Título: Sermón en el viernes 1º de Cuaresma.
Ubicación: AGCA. A1.11.47, Leg. 6071, Exp. 54675.
Fecha: 1802.
Transcripción completa: «Sermón en el viernes 1º de Cuaresma, 1802.
Diligite inimicos vestros.

M. P. S. Cuanto es agradable la sociedad entre los hombres, tanto es más detestable el odio que la destruye y mina por sus aumentos.
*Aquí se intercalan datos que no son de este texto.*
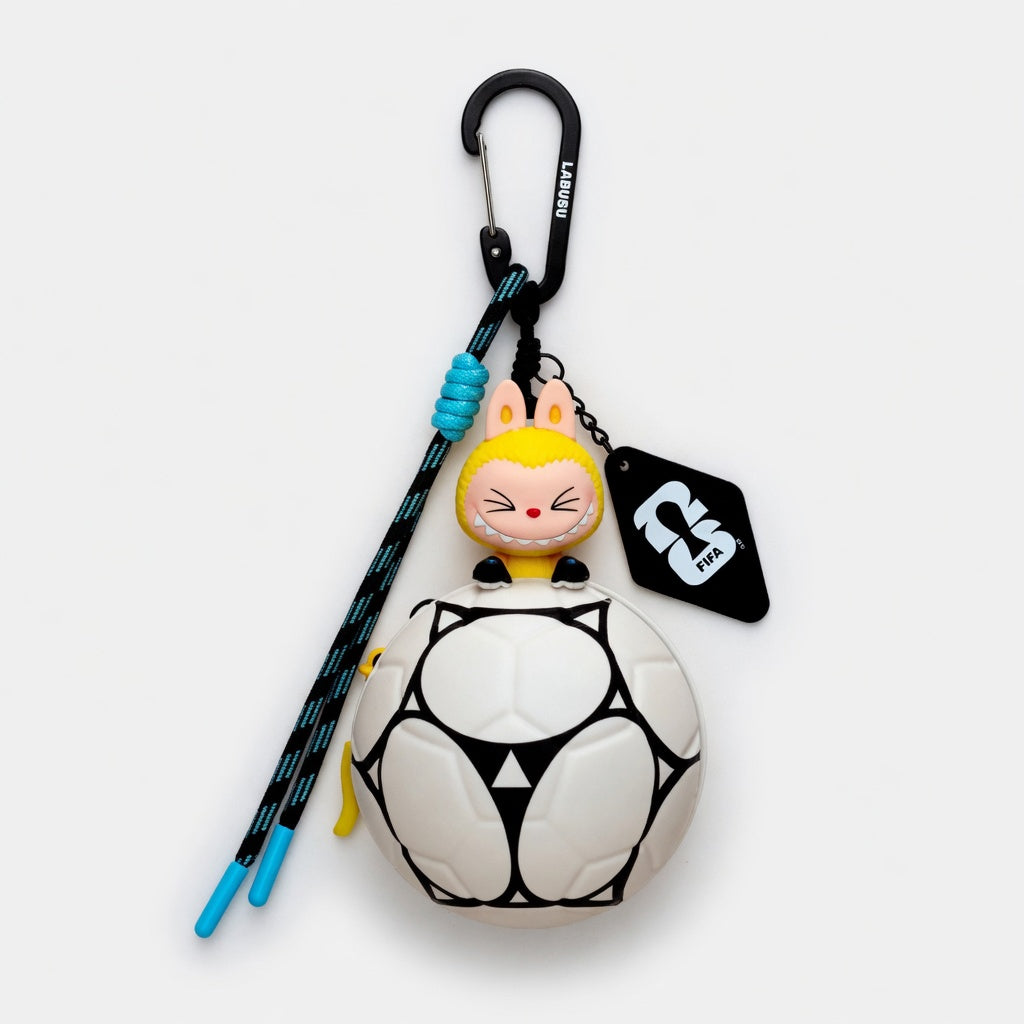 POPMART THE MONSTERS × FIFA SERIES - Football-shaped Mini Bag Blind Box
El trato nos da a conocer, la suavidad nos acerca, el amor nos une, la paz conserva y estrecha esta unión.
Seríamos felices, tal cual lo podemos ser, si atentos en la guarda de este bien supiésemos dar vado y corte a sentimientos y quejas recíprocas inevitables en la vida humana, si en tiempo cerracemos, con nuestra caridad, las puertas de la ira, de esta pasión triste y melancólica oficina, en que el recuerdo agitado de agravios ya reales, ya imaginados, entromete al corazón la amargura, difunde en el alma una opinión pésima, y por último revienta en esta peste terrible del odio, que infesta cuanto toca son sus desaforados procedimientos con su arrebatado calor, con la precipitación de sus juicios. Cubriéndonos cual noche lóbrega, su atmósfera inquieta no deja lugar a los vislumbres de la razón, guía única para nuestros aciertos.
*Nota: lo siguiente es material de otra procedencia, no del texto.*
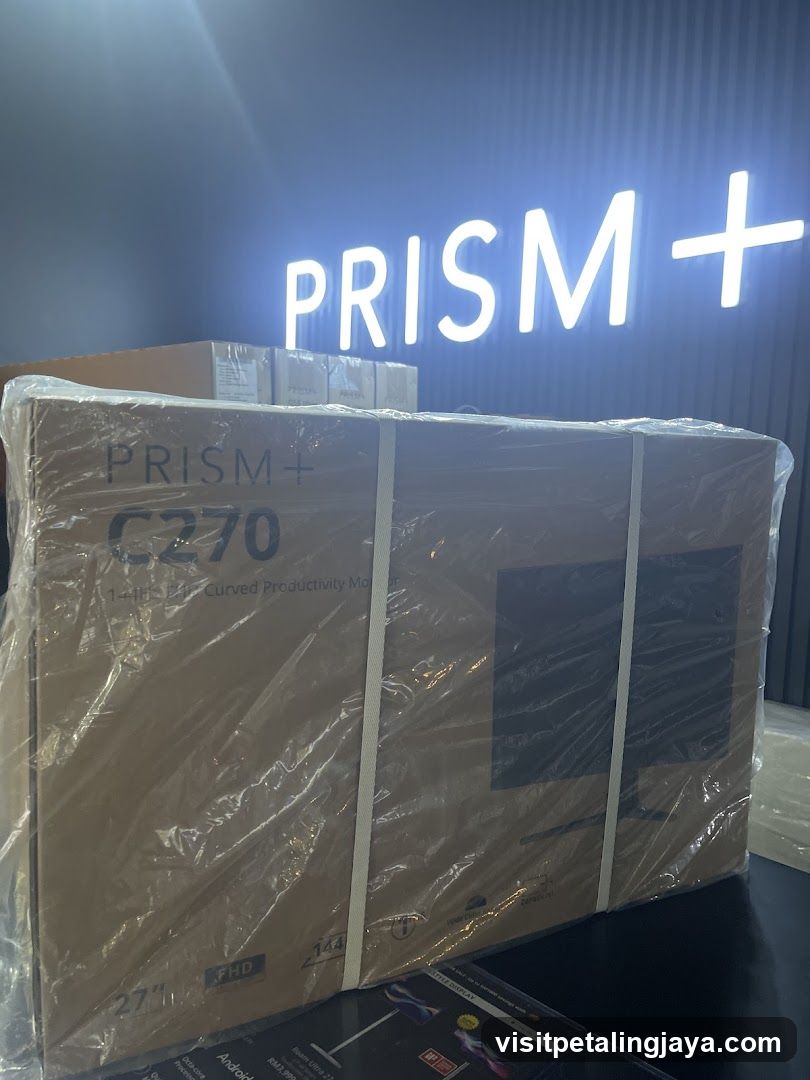 PRISM+ C270 Monitor Box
Por eso, el legislador eterno tratando de secar este lodazal mortífero del odio ha ensanchado de propósito la fuente de la caridad: amada, dice, a vuestros enemigos; haced bien a los que os persiguen, rogad por los que os calumnian. Si vuestro amor cubriendo sus defectos, disculpando sus yerros, disimulando sus ofensas, sofoca y ahoga en su origen el odio, la actividad de este veneno, que quitándonos la vida del espíritu siembra la muerte y el horror entre nuestros hermanos. Estos dos efectos suyos dividirán este discurso, llamando la atención de un auditorio que al título de cristiano, enlaza el de magistrado supremo, títulos uno y otro que reclaman su caudal para el desempeño de sus funciones.
Hijos de un padre celestial somos naturalmente hermanos: hermandad es unión, y así la primera ley que nos gobierna no podía ser otra que el amor, resorte único que realiza aquella, lazo dulce que la vincula. Su punto de apoyo o primer eslabón de esta cadena es aquel padre universal, de quien, junto con el ser, hemos recibido iguales prerrogativas, y unos mismos derechos. Toda nuestra diferencia la califican aleves accidentes, que ni influyen en el todo de la substancia, ni varían el orden general de su admirable providencia. A cualesquiera distancia que nos miremos colocados, se nos presenta el criador, igualmente cercano, y reclama con la misma fuerza el amor que le debemos, por el amor que nos dispensa.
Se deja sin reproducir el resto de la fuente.